Толпа становилась все гуще.
Были поиски сумок.
Было публичное помещение Девы Марии между страницами прошлогоднего “Плейбоя”.
Был какой-то разъяренный охранник со здоровенной, как теленок, овчаркой, которая постоянно рвалась ко мне, оттесняя к фонтану.
Было исчезновение иконы вместе с сумками и “Плейбоем”.
Было ползание по дну фонтана среди тысяченогой шумной толпы, которая после каждой песни (концерт уже шел) почти синхронно подпрыгивала и орала, визжала, верещала.
Было подписание мирного договора с овчаркой.
Обретение Девы Марии.
Фонтан заработал.
Hair! Hair! Noir.
Очередное мое прозрение: концерт — это презентация моей новой книги.

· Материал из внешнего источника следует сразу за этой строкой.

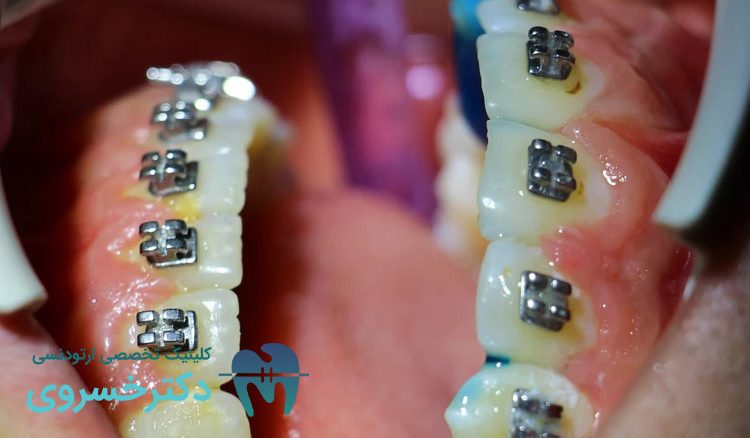 درمان اوپن بایت با ارتودنسی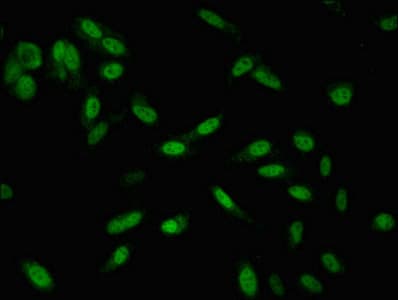 SMARCD1 / BAF60A Antibody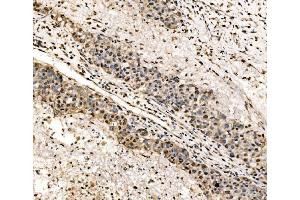 IHC analysis of SSB using anti-SSB antibody (ABIN7602125).
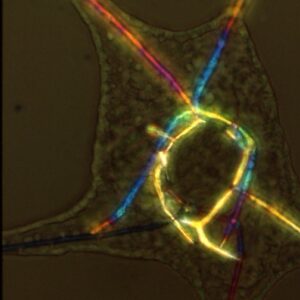 L. variegatus pluteus - NiCl2 - polarization microscopy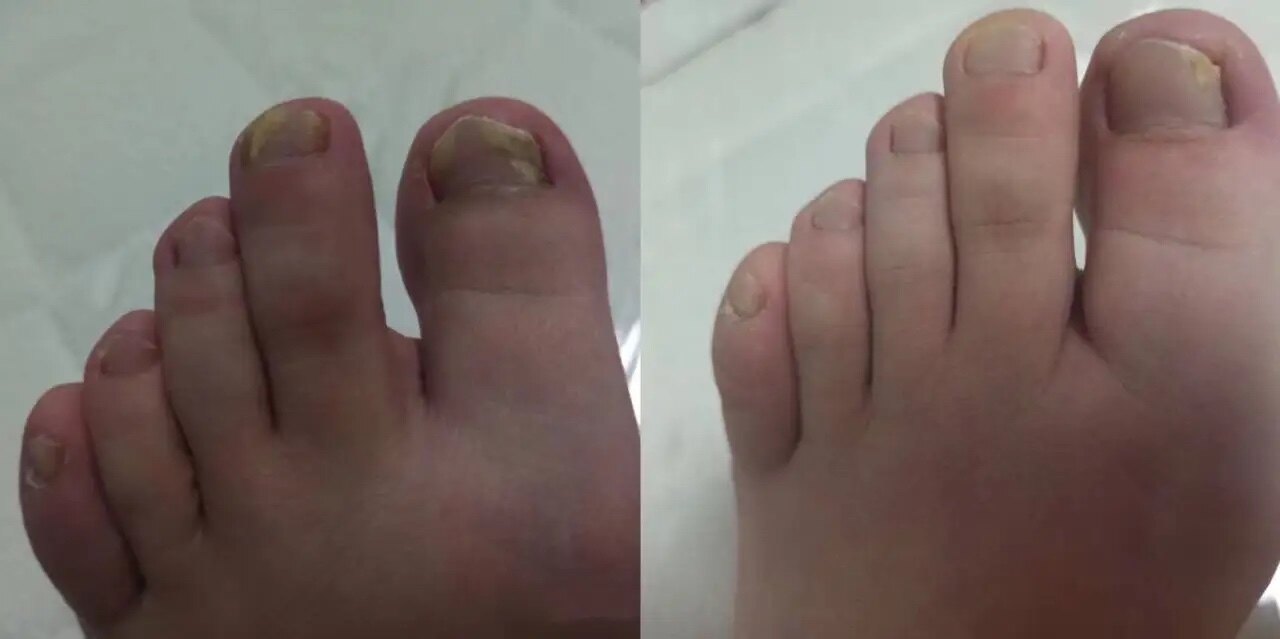 圖文圖片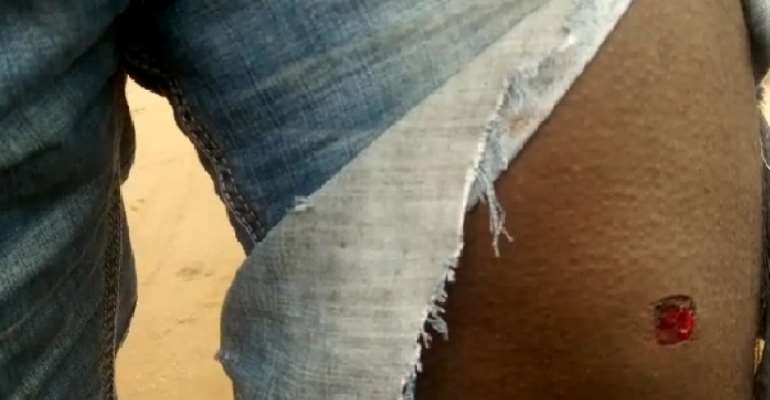 A gun wound on one of the demonstrators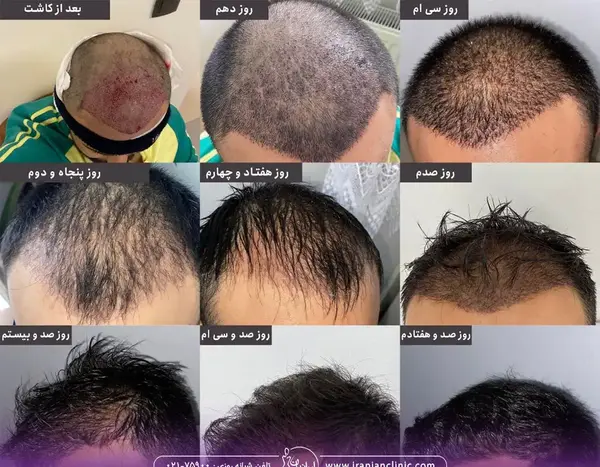 عکس یک هفته بعد از کاشت مو
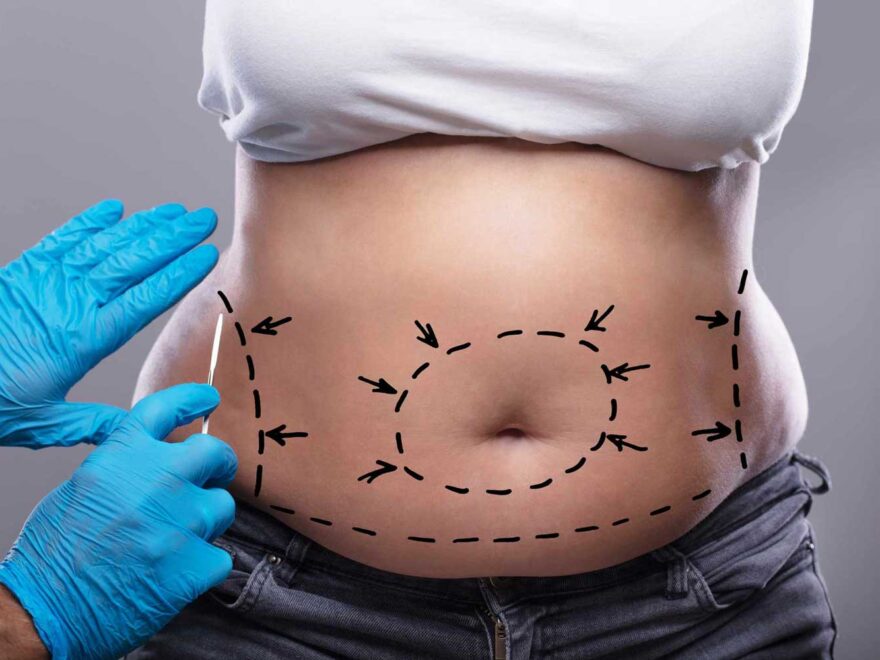 Navigating the Road to Recovery What to Expect After Abdominoplasty in Dubai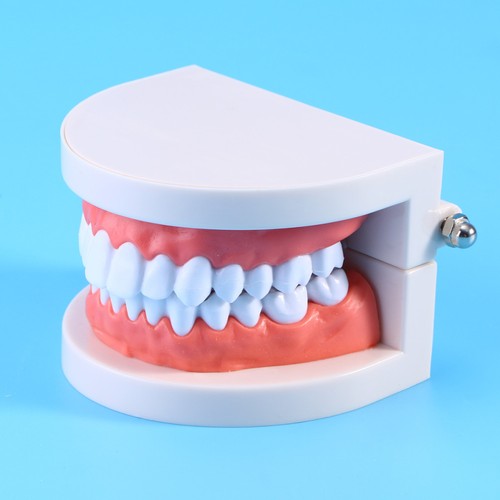 Modèle dents étude la - de,
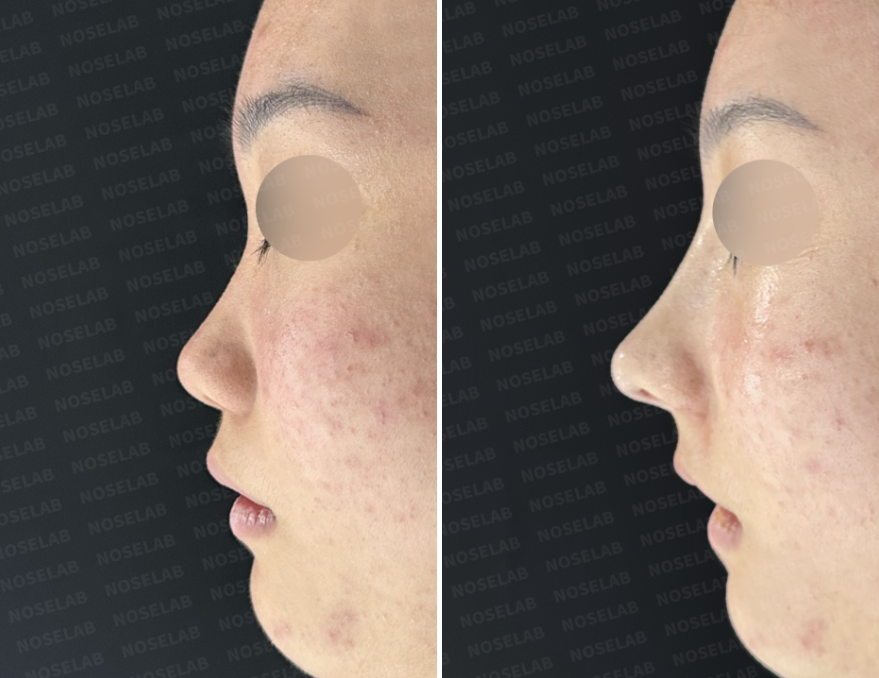 Before and immediately after closed rhinoplasty side view showing increased nasal bridge height, refined nasal tip contour, and improved nasolabial angle using autologous rib cartilage.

Покорность и раздражение мБж.
Проклятые сумки.
Усталость и пот.
Матерь Божья, спаси нас.
Ну и, по-моему, уже хватит. Лучше от всего этого не становится. Возникает иллюзия, что путешествие продолжается. А это не так. Незаметно для самих себя мы с мБж то ли потерялись в густой темноте, то ли от всего пережитого понемногу стали терять сознание, во всяком случае, преобладало чувство, что элементы окружающего мира — я, она, брезентовый чемодан на колесиках, черный кожаный рюкзачок, барсетка из кожзаменителя, плетеная сумочка с бахромой, пластиковый кейс с прошлогодним “Плейбоем”, золотая и выцветшая, выцветшая и золотая, тысячелистная Дева Мария и еще небольшой участок брусчатки, между камней которой проросли чахлые стебли зверобоя, — все эти элементы превращаются в одно непостижимое целое… во что-то одно.
И тогда я понял, что Львов — это город, который граничит с краем света. И край этот — не какой-нибудь хтонический провал, не межа между возможностью и воплощением, и даже не воспетое поэтами Ничто. Это просто конец.